A common and crucial issue in trusts is what are the pros and cons of using corporate trustees. It is difficult to see at first where the advantages and pitfalls lie. All trustees – whether individual, corporate, or independent trustee services – must be statutory and common law compliant. This means they must carry out their duties in such a way as to protect beneficiaries’ interests. Above all they must pay due regard, including by guarding against negligence or failures to act, by acting so as not to create any conflict of interests between themselves and the trust. Essentially, a trustee is not entitled to benefit from the trust they administer. All trustee services must promote the objects of the trust. This is done by acting in accordance with the duties and discretions trustees hold as they administer schemes to the advantage of the designated beneficiaries.
How then to tell what are the pros and cons of using corporate trustees? While the pros include reliance on market presence and a level of experience and expertise which will more often than not outshine the capacity of an individual trustee, these are characteristics equally of independent trustee services, as these will necessarily have had the same training and exposure to trust management as would be expected of professional independent trustees. What the deliberations actually boil down to is this: the question of liability, and who pays when things go wrong. The downside to corporate trustees is that it will rarely be possible to hold them to account for breaches of the trust, and even where this is possible, it will always be easier to bring a claim against an independent trustee for the reason that they are held to stricter account. The reason for this is that independent trustee services are designed specifically to be just that: a mechanism which the Pensions Regulator calls in when serious flaws in occupational pensions have caused losses for large numbers of people.

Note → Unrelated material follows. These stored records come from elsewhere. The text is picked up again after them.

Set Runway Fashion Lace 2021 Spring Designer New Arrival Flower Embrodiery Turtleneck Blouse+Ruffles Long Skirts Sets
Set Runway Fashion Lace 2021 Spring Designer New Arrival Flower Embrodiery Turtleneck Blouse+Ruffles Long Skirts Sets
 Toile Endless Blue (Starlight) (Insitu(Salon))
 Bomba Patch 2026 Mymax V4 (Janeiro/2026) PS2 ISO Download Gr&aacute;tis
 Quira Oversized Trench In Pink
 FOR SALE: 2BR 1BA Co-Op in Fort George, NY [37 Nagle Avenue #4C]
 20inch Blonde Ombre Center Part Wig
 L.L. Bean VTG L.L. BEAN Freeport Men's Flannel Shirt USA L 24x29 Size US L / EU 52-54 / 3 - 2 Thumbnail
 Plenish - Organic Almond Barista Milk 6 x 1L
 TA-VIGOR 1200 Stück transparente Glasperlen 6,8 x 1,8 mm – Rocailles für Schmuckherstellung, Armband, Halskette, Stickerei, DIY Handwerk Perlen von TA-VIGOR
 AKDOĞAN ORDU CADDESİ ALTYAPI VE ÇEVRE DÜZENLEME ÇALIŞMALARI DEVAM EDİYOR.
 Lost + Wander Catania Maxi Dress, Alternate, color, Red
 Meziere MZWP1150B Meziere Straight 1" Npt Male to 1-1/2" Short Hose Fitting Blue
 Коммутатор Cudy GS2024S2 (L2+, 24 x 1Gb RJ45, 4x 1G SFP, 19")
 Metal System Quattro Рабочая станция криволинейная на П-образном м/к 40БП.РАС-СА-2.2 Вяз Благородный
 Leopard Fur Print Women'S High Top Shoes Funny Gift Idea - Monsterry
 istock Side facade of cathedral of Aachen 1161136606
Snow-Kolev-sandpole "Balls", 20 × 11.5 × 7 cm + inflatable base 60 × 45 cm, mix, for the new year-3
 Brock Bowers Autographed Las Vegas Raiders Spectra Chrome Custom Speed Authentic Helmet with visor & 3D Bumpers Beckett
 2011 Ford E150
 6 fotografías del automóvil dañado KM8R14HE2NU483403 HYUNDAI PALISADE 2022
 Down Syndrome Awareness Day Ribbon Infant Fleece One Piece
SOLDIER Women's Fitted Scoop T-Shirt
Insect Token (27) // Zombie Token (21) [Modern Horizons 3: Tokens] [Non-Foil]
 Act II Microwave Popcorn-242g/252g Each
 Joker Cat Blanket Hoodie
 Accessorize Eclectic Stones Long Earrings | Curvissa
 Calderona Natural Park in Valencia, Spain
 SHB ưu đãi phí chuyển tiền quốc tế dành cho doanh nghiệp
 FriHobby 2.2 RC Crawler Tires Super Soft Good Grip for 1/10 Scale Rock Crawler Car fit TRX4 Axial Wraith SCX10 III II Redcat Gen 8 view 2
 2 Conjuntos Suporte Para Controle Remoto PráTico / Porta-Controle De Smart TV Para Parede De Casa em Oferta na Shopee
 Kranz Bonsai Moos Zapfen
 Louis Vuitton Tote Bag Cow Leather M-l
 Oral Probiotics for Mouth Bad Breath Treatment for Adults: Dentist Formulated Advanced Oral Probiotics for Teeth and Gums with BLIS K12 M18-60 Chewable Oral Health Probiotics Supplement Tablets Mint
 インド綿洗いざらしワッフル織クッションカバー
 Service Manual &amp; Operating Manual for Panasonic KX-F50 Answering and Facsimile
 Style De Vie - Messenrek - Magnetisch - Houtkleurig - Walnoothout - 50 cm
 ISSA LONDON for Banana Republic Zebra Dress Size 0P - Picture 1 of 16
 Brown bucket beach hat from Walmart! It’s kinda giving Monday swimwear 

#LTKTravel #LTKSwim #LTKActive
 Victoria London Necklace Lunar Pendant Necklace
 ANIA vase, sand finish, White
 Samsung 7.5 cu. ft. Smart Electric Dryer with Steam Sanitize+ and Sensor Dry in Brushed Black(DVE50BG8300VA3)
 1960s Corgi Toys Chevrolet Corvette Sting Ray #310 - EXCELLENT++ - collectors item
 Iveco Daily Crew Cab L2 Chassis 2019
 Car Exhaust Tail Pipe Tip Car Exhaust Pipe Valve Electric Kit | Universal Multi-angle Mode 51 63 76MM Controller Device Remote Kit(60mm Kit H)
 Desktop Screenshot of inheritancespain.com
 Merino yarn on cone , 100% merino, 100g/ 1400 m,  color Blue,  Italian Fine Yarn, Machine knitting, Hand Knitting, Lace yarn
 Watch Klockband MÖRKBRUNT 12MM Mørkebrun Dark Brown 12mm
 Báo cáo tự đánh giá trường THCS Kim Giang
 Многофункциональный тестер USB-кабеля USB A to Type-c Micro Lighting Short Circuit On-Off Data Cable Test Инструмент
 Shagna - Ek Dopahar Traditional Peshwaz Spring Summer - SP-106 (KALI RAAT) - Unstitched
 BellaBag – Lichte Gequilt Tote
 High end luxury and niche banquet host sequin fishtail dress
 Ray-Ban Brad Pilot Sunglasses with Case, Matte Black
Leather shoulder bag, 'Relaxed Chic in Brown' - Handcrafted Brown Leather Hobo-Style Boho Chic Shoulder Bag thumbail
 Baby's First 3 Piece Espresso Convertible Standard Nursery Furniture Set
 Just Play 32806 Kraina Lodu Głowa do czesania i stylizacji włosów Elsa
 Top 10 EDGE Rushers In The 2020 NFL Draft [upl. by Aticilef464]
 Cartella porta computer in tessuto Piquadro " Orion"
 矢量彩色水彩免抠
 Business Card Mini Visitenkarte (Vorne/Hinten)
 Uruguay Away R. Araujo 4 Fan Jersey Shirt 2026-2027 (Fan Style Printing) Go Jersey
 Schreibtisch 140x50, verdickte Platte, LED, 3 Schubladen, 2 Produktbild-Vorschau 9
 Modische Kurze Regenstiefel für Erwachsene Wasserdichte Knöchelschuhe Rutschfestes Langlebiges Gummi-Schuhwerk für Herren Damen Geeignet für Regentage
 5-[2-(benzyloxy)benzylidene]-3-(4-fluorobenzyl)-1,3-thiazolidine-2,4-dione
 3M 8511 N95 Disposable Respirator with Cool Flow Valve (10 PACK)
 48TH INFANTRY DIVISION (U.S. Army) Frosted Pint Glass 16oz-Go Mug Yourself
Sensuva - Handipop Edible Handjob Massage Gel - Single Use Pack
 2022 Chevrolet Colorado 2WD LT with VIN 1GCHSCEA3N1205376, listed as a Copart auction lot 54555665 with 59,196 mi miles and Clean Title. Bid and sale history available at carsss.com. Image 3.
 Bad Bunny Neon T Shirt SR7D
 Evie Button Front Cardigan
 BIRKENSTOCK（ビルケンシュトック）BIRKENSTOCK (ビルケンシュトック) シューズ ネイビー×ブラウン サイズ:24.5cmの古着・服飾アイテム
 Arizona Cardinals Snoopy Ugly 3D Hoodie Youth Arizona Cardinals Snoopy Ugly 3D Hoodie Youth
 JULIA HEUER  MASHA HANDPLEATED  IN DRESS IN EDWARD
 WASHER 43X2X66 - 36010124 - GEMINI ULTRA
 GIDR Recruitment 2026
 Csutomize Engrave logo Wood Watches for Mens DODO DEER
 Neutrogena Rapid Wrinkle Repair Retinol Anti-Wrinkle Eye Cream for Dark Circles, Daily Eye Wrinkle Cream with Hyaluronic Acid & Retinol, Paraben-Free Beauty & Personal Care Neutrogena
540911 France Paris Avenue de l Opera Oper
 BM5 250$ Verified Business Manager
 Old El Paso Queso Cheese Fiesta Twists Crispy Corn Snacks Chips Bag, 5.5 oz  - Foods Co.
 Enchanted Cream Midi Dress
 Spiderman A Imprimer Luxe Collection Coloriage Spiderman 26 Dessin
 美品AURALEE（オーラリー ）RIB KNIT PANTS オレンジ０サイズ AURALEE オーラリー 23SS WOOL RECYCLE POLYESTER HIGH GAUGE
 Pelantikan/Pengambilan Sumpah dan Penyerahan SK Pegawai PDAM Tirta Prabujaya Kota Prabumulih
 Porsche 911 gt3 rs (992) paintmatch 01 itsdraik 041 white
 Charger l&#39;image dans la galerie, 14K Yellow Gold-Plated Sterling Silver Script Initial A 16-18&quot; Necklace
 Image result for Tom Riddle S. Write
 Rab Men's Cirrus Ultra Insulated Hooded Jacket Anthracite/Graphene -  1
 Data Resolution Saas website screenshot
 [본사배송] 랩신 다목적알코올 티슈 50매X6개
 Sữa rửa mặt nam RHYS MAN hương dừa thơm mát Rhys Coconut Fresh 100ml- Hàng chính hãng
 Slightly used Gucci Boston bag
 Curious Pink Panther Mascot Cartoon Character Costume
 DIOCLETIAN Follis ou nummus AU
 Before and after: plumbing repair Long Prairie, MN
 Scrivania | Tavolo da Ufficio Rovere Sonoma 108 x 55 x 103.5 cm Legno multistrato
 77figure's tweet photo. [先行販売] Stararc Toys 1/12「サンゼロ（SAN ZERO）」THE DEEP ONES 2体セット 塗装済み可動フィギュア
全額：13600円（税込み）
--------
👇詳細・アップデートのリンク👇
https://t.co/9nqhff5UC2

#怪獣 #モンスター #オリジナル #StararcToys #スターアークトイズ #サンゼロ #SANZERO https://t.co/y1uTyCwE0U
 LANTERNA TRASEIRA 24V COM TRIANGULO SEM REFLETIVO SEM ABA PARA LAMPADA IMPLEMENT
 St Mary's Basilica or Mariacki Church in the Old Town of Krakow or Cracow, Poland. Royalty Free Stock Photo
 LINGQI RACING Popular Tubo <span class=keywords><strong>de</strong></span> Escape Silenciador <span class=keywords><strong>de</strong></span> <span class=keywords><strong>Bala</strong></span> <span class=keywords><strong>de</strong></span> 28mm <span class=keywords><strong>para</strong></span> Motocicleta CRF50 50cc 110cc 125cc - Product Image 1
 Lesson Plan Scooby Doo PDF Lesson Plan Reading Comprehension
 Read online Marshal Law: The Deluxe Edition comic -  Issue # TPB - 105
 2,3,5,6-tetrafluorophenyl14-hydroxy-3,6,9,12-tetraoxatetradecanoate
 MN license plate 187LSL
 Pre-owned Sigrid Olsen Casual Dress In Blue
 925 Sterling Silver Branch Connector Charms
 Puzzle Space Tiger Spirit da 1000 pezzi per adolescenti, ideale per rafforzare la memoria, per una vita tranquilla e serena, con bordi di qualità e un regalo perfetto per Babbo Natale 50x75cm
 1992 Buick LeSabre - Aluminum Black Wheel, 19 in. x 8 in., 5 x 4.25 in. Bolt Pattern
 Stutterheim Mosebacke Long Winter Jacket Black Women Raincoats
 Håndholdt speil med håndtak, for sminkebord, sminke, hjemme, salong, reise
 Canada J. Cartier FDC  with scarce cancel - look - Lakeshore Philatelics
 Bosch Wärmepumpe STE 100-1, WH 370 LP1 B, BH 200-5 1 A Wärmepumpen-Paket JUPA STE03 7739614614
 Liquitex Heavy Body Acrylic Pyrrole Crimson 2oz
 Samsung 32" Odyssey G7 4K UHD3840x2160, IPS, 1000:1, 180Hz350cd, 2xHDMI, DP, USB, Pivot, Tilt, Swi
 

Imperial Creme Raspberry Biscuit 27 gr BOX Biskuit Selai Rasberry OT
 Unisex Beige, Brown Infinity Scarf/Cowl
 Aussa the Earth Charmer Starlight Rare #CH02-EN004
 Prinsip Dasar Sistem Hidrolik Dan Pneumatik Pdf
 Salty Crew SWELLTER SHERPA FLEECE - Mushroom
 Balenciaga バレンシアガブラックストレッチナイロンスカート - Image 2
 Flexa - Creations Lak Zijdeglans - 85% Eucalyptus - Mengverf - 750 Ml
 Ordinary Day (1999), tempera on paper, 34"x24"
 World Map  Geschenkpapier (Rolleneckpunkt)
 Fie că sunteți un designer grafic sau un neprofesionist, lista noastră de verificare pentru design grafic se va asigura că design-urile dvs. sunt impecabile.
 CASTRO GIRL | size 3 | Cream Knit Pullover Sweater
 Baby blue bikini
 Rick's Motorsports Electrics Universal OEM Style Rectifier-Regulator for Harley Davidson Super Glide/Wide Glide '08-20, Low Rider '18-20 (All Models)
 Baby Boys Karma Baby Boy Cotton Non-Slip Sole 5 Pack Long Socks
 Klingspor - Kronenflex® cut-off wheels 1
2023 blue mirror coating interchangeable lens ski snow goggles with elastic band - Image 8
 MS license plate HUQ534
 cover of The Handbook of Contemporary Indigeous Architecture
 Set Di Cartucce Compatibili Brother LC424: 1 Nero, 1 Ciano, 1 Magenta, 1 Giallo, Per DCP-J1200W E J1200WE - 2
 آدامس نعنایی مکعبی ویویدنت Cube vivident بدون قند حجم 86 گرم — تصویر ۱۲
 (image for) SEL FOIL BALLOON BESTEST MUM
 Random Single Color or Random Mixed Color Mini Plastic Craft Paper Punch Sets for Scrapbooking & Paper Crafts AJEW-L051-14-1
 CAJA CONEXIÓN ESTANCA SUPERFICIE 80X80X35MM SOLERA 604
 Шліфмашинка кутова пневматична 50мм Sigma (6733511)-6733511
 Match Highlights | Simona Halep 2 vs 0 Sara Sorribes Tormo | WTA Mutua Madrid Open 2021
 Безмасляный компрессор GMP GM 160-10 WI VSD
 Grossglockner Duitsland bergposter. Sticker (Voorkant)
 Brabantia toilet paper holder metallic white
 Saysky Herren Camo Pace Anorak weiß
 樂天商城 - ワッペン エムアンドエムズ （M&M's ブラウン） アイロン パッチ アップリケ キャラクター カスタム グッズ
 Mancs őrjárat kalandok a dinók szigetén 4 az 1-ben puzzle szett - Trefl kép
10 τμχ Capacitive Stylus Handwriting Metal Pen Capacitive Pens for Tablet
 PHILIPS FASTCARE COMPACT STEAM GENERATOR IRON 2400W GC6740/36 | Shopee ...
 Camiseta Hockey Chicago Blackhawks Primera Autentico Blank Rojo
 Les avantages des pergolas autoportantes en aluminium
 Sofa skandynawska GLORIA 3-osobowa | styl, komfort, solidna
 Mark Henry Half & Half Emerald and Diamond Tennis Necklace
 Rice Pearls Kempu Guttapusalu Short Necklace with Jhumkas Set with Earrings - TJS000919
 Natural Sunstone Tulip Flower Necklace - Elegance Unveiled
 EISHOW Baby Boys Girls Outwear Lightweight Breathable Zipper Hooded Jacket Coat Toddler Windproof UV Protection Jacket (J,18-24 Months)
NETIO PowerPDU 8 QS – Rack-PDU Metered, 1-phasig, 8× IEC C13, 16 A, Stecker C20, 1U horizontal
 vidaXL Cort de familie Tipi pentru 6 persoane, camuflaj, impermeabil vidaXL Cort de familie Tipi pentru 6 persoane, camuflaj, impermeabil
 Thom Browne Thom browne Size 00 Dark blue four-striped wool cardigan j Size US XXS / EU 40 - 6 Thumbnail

The idea behind the range of levels of liability is that the independent trustee must have undertaken a high level of training to tender its services as an expert provider, and as such should be held to a higher level of account for potential liability resulting from the management and administration of the trust in question. This level is higher than the already stringent burden which all trustees are expected to meet. On the other hand, the separation in law between a corporate trustee and its directors means that the beneficiaries of a scheme administered by a corporate trustee will rarely have the right to bring an action for losses directly against those directors, who may have been in breach of their duties and discretions under the trust. If the corporate trustee has no property in its own right, but rather holds property on trust, the effect will be that it is impossible to make a successful claim for damages.